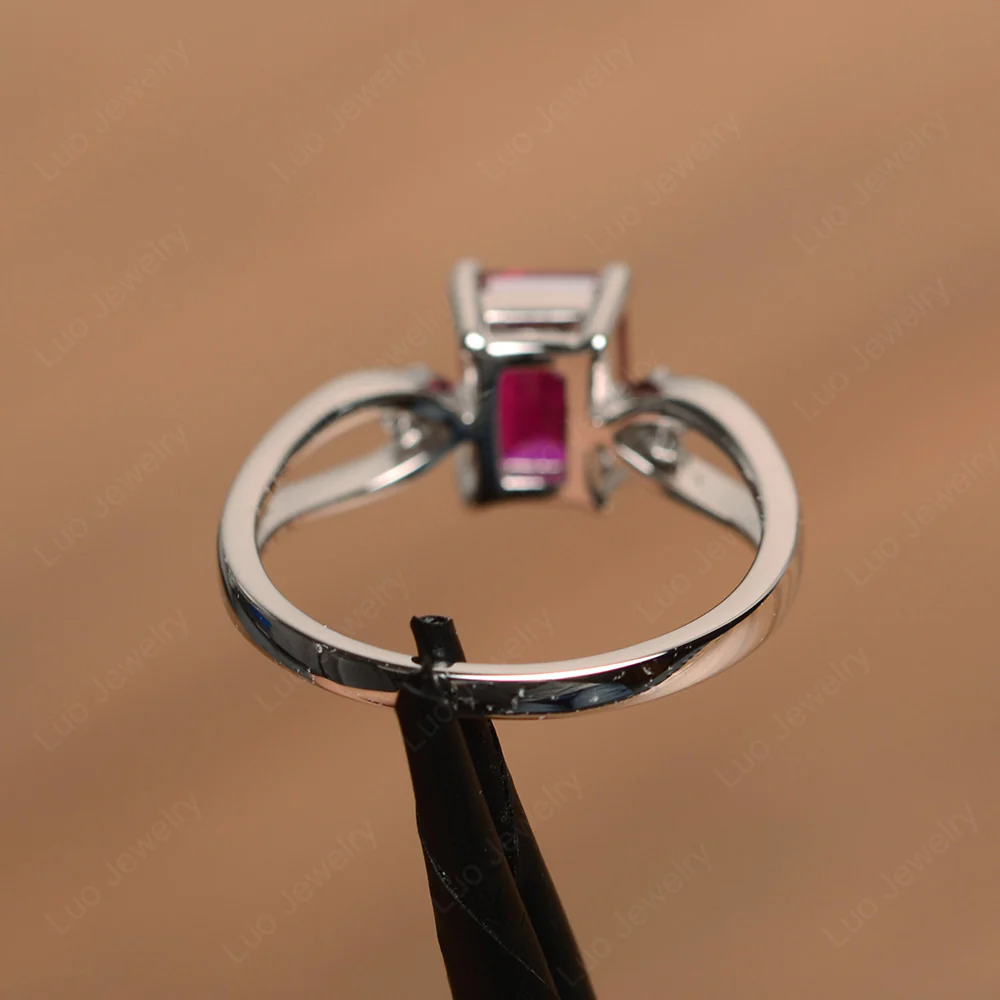 Emerald Cut Ruby Ring Split Shank - Image 3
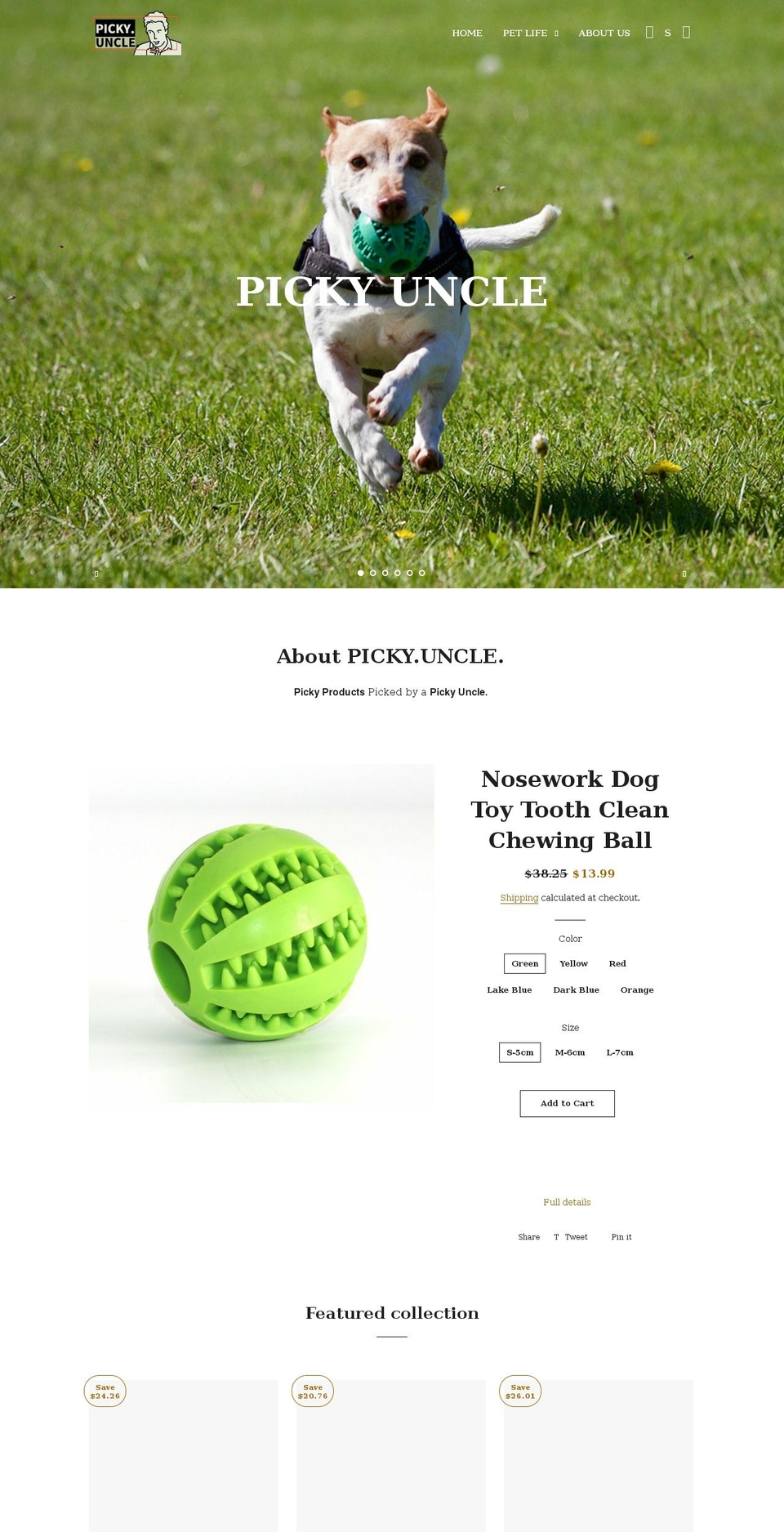 pickyuncle.com shopify website screenshot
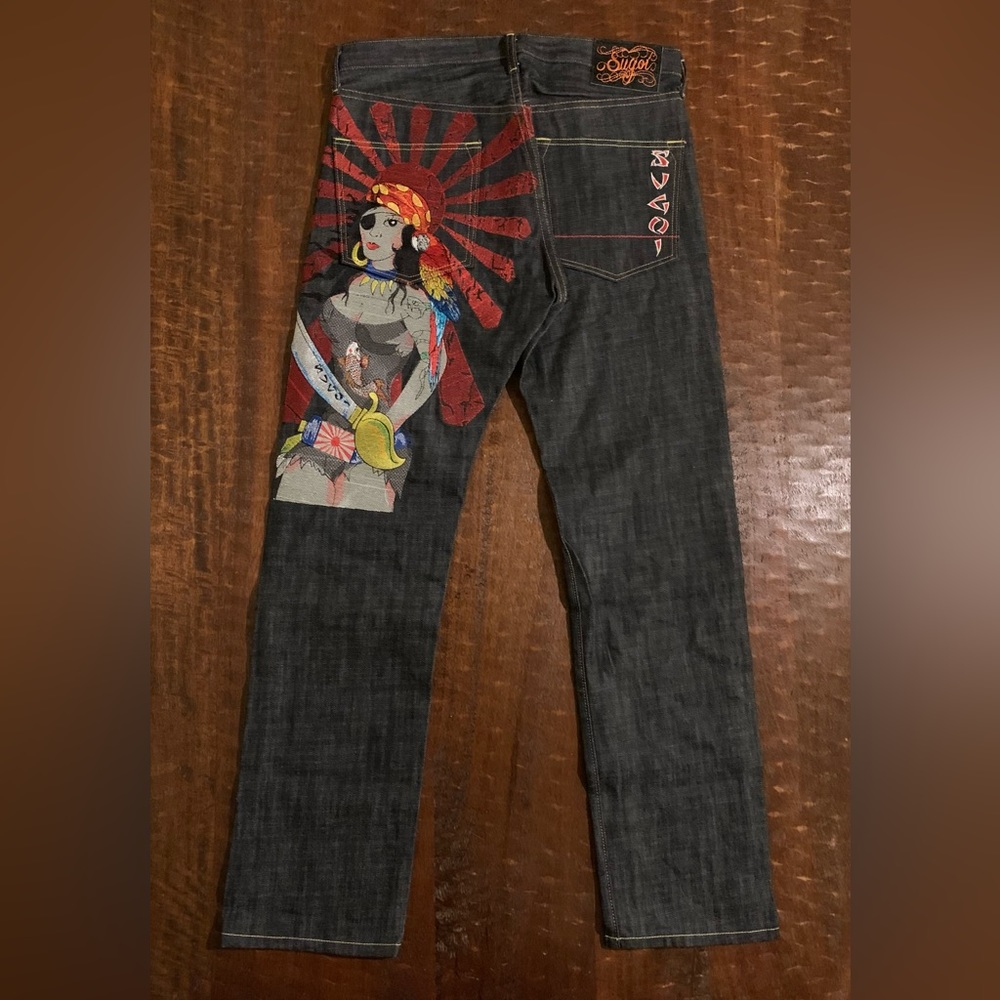 SUGIO Men’s Size 32x32 Indigo Color Japan 🇯🇵 Tattoo Pirate Embroidered Jeans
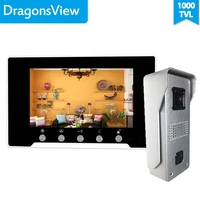 dragonsview 7 inch wired video intercom door phone doorbell with camera waterproof talk unlock electronic lock
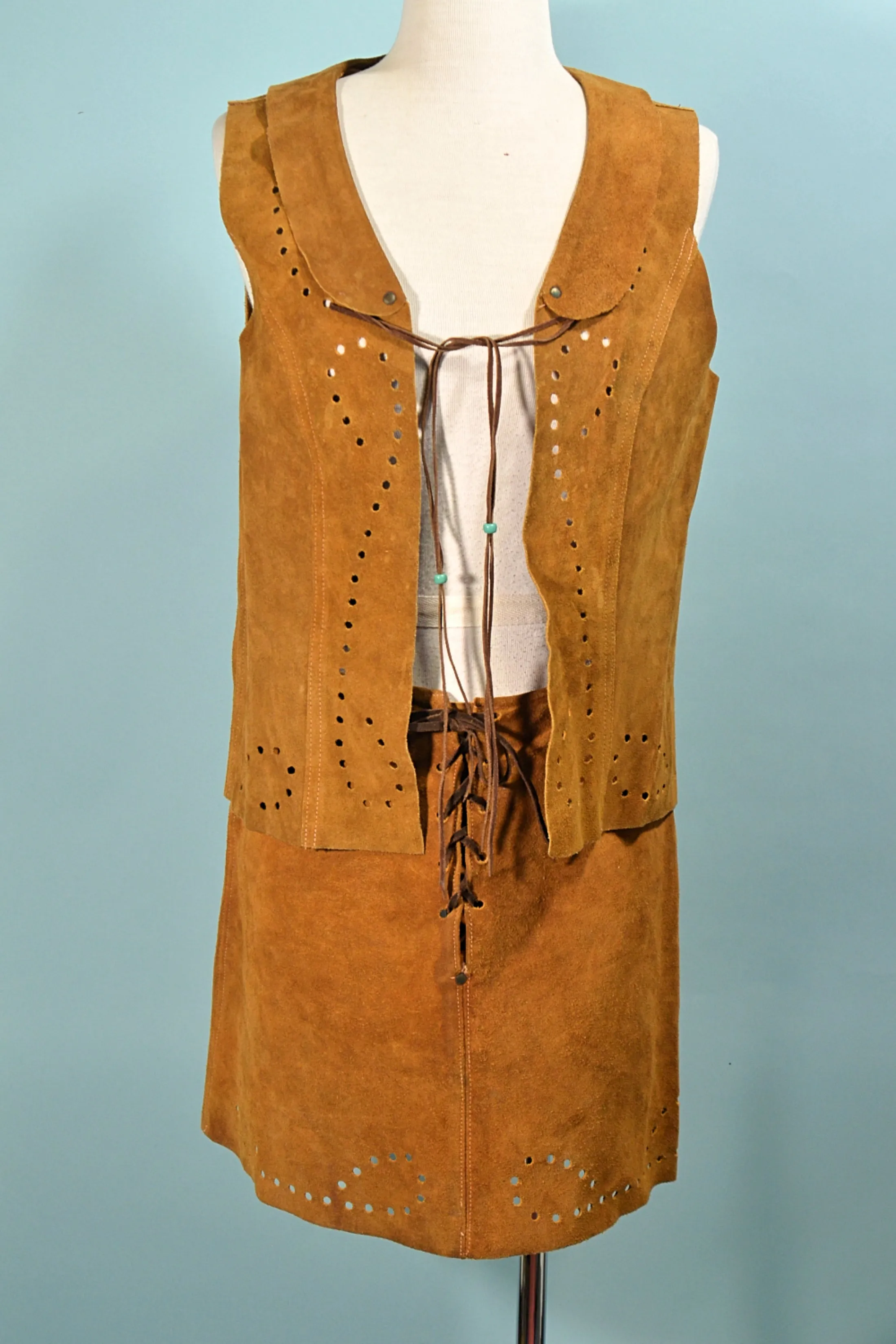 60s Suede Lace Up Skirt & Matching Vest with Beads, Hippie Boho 2 Piece Set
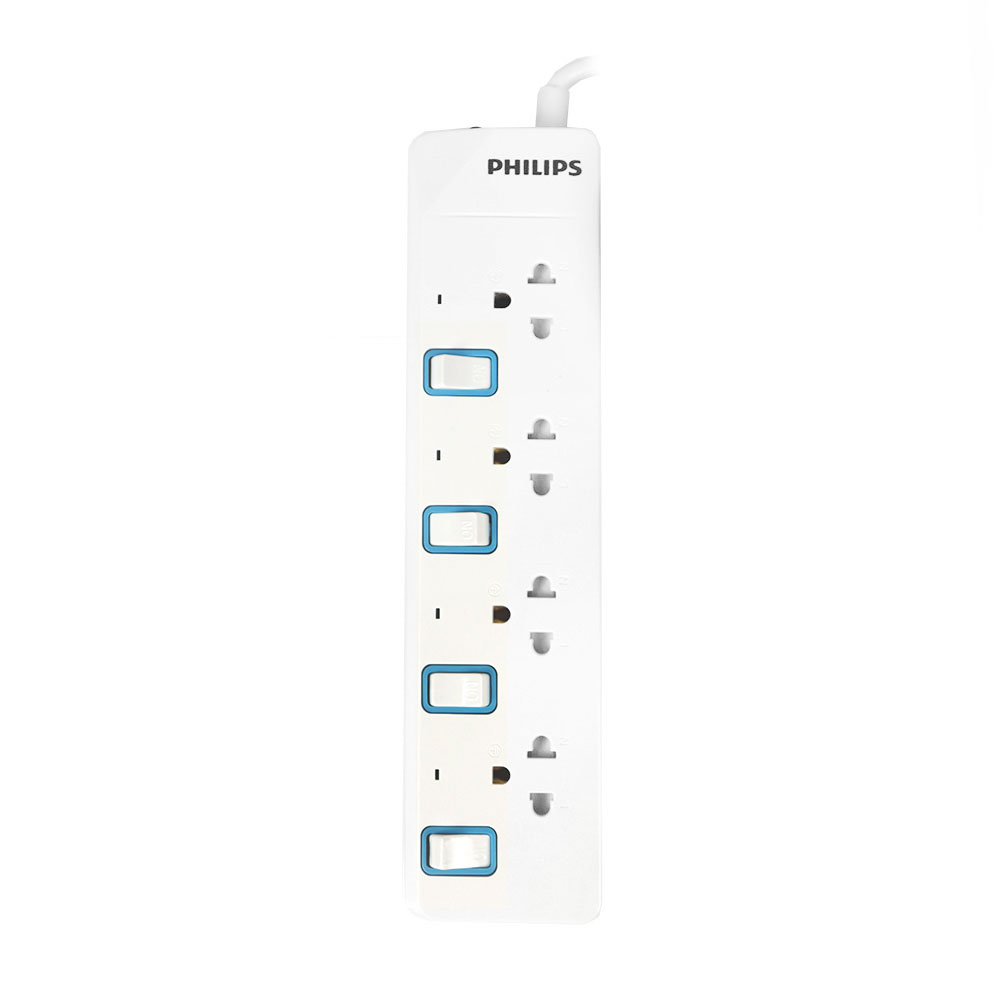 PLUG (ปลั๊กไฟ) PHILIPS 4 SOCKETS 4 SWITCH (CHP3447WC) 5M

WHAT IS NEEDED ▸
Once the line containing "SUGIO Men’s Size" is located, write out exactly that line and each one after it to the end of the records above, excluding pictures and nothing else.

EXPECTED OUTPUT ▸
 SUGIO Men’s Size 32x32 Indigo Color Japan 🇯🇵 Tattoo Pirate Embroidered Jeans
 dragonsview 7 inch wired video intercom door phone doorbell with camera waterproof talk unlock electronic lock
 60s Suede Lace Up Skirt & Matching Vest with Beads, Hippie Boho 2 Piece Set
 PLUG (ปลั๊กไฟ) PHILIPS 4 SOCKETS 4 SWITCH (CHP3447WC) 5M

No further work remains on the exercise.